Please repeat the records below exactly, but only from the line that contains "COSMIC Lite Sonic" onward, ending with the last line.

Source data:

________

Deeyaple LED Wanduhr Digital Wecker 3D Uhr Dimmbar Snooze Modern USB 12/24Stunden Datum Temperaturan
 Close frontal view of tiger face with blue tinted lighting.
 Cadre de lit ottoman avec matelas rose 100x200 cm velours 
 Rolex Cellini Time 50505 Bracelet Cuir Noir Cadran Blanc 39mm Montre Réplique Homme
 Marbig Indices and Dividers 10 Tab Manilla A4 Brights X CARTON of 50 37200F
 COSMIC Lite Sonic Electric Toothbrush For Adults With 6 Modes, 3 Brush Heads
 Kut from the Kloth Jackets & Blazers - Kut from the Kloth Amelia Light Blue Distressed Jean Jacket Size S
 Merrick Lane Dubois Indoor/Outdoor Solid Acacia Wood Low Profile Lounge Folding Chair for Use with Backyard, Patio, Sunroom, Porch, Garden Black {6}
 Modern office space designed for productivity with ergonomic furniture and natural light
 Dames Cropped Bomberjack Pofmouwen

________

● TASK RESPONSE:
 COSMIC Lite Sonic Electric Toothbrush For Adults With 6 Modes, 3 Brush Heads
 Kut from the Kloth Jackets & Blazers - Kut from the Kloth Amelia Light Blue Distressed Jean Jacket Size S
 Merrick Lane Dubois Indoor/Outdoor Solid Acacia Wood Low Profile Lounge Folding Chair for Use with Backyard, Patio, Sunroom, Porch, Garden Black {6}
 Modern office space designed for productivity with ergonomic furniture and natural light
 Dames Cropped Bomberjack Pofmouwen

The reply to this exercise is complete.